Task brief =
Please print, exactly, only the lines in the entries below from the line that has "Commercial Stainless Steel" through the line that has "Zebronics USB to". Pictures don't go in.

Entries supplied =
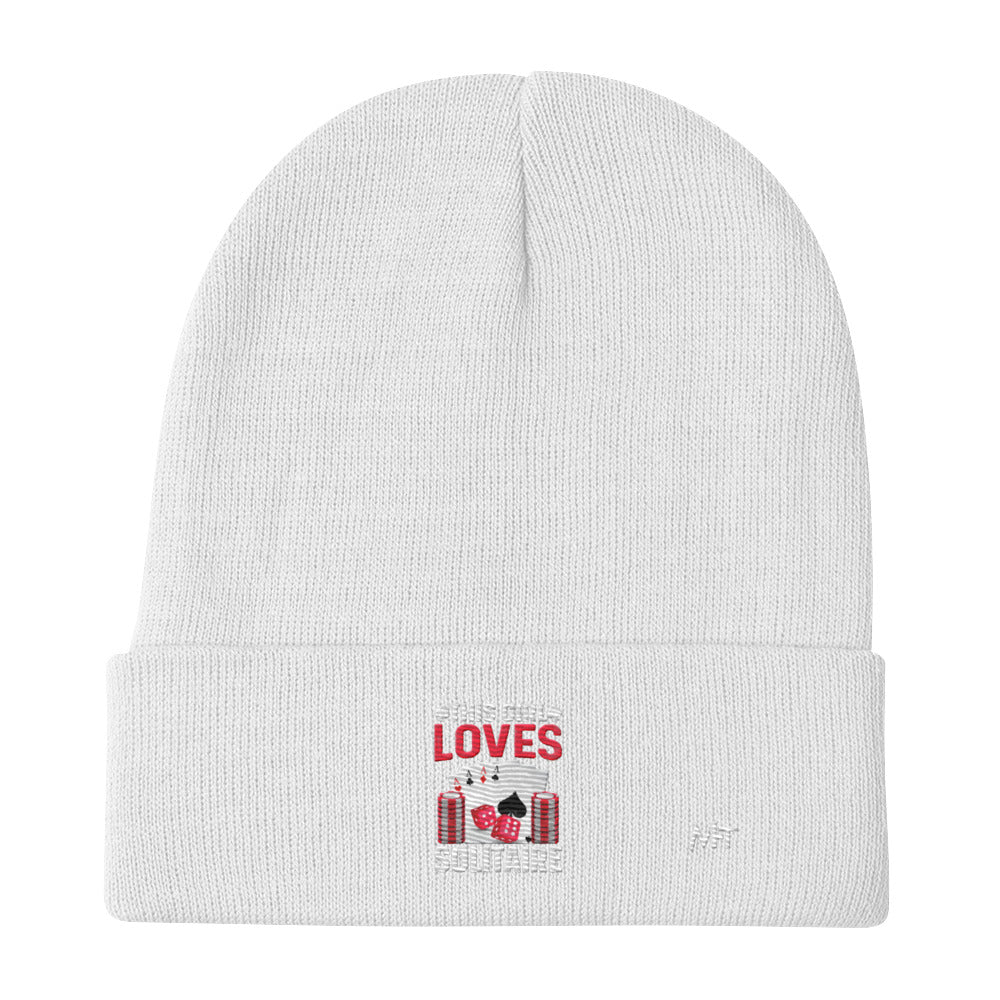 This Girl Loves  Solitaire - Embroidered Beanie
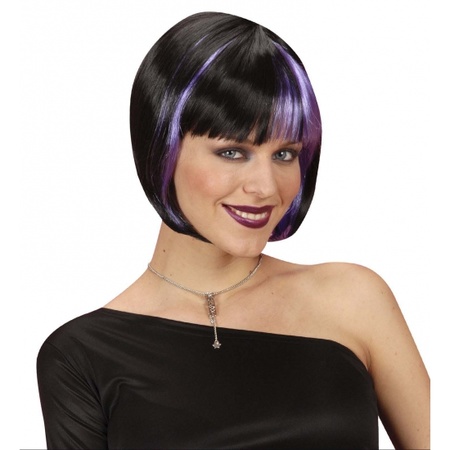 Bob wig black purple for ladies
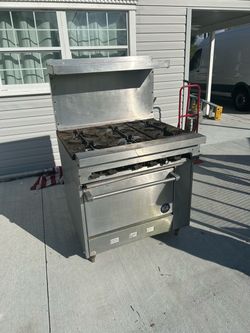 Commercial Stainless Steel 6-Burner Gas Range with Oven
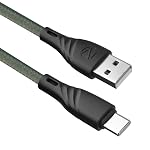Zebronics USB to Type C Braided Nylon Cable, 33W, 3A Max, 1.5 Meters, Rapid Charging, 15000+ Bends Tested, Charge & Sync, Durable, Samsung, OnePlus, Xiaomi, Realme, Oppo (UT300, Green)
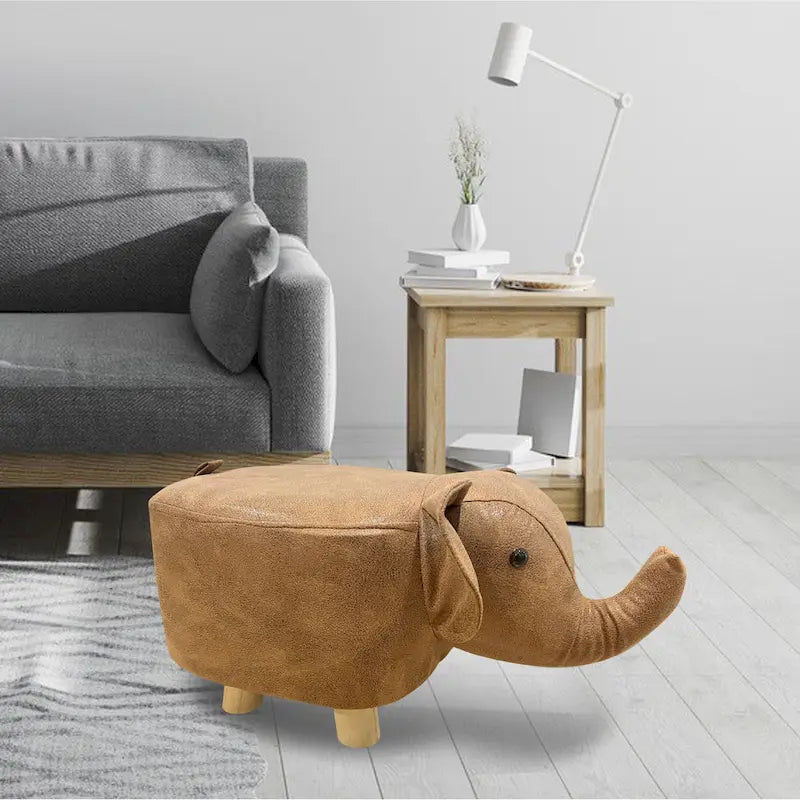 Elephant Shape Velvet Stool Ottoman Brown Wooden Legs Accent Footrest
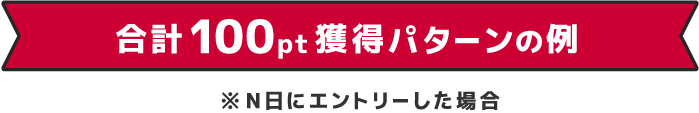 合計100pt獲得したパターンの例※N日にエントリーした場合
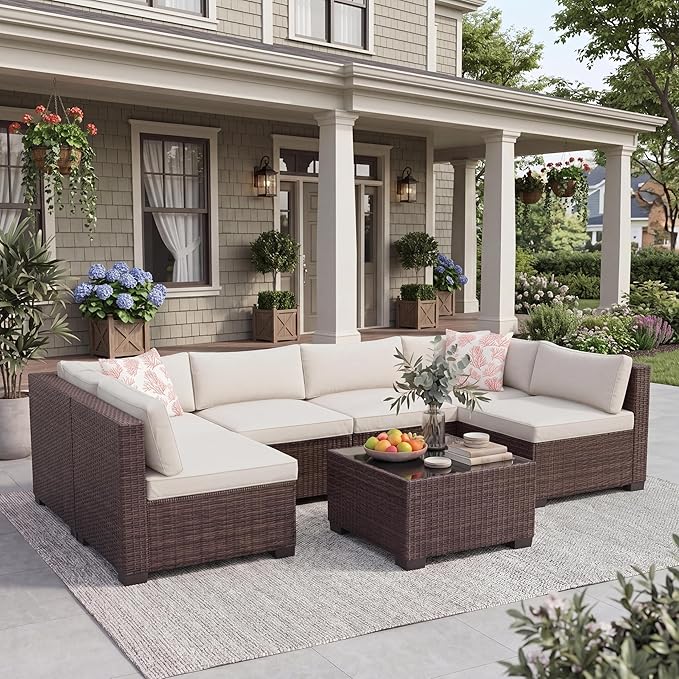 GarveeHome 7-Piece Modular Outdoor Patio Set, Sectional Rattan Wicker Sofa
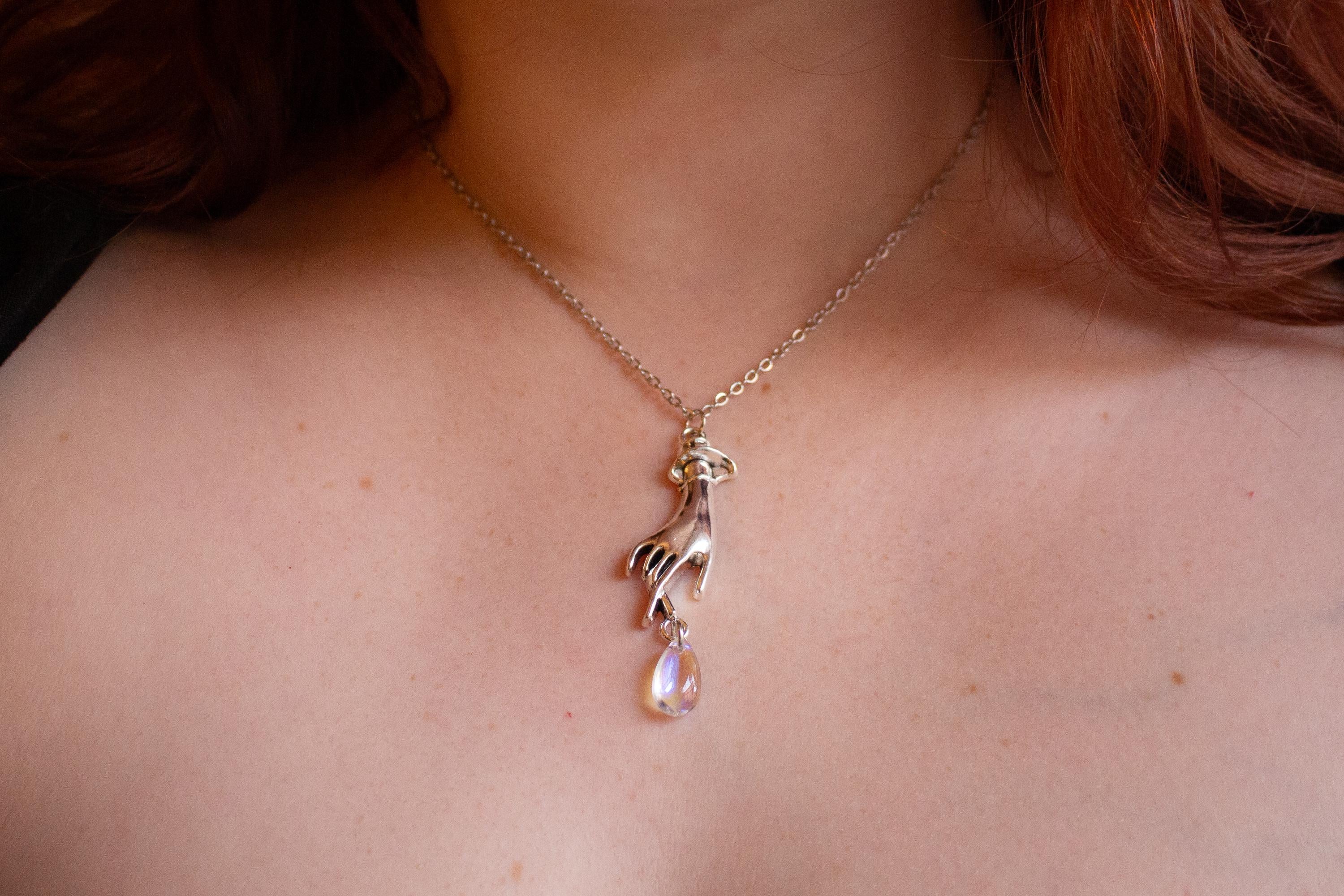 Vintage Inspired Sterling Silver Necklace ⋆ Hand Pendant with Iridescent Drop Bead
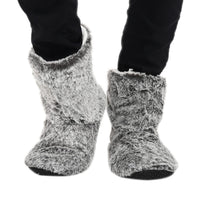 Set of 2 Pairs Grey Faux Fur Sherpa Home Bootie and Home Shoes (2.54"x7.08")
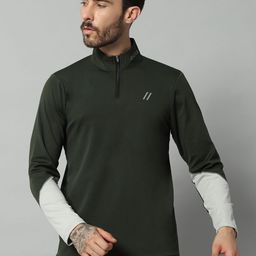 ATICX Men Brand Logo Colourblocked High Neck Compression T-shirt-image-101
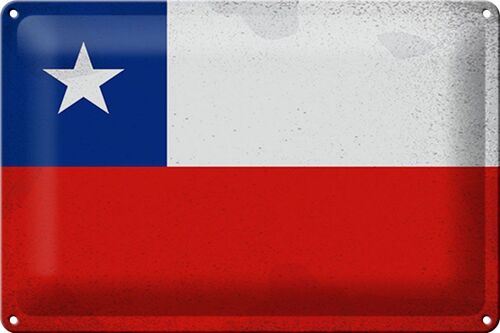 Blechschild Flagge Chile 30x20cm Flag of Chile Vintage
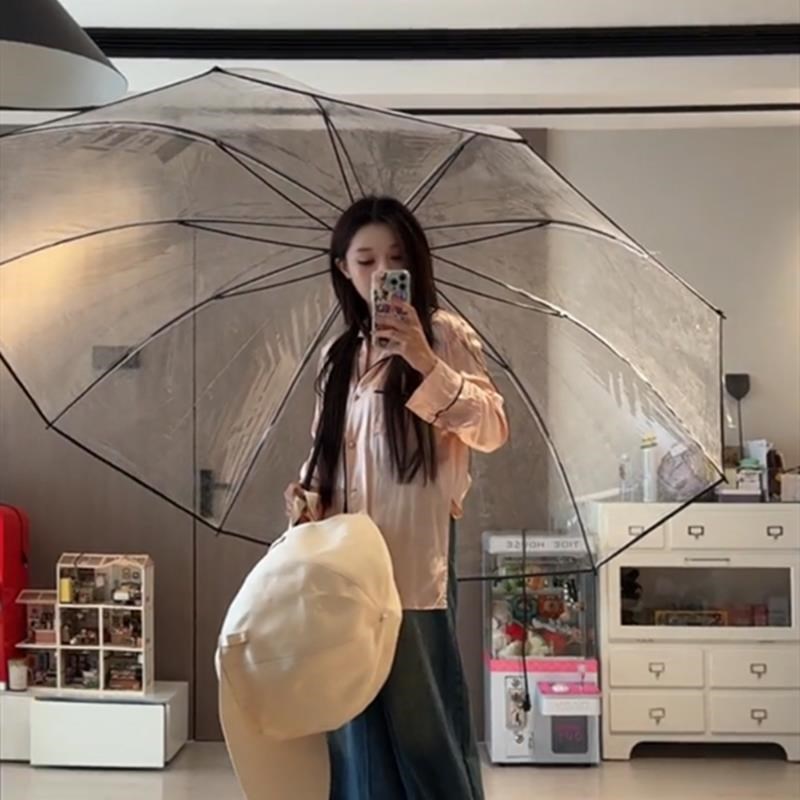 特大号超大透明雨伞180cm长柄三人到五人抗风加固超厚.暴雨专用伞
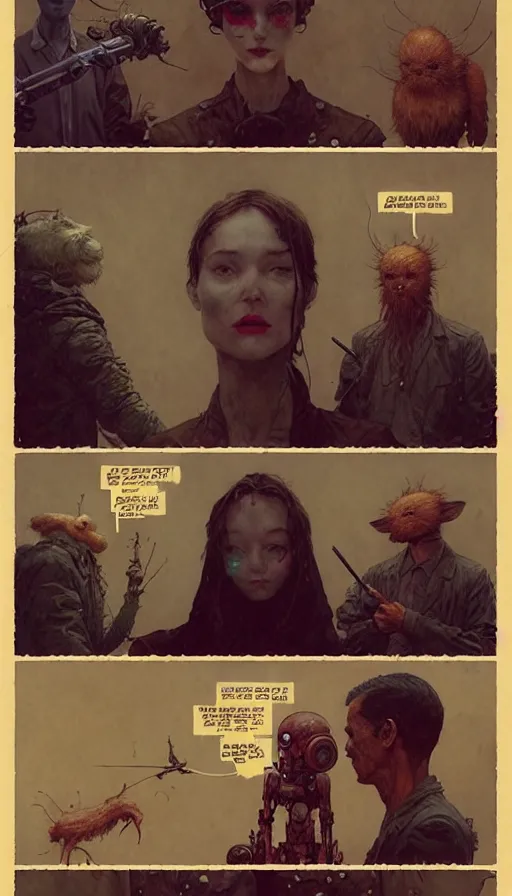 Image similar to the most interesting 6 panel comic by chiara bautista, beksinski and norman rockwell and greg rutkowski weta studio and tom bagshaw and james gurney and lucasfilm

Answer to the problem =
 Commercial Stainless Steel 6-Burner Gas Range with Oven
Zebronics USB to Type C Braided Nylon Cable, 33W, 3A Max, 1.5 Meters, Rapid Charging, 15000+ Bends Tested, Charge & Sync, Durable, Samsung, OnePlus, Xiaomi, Realme, Oppo (UT300, Green)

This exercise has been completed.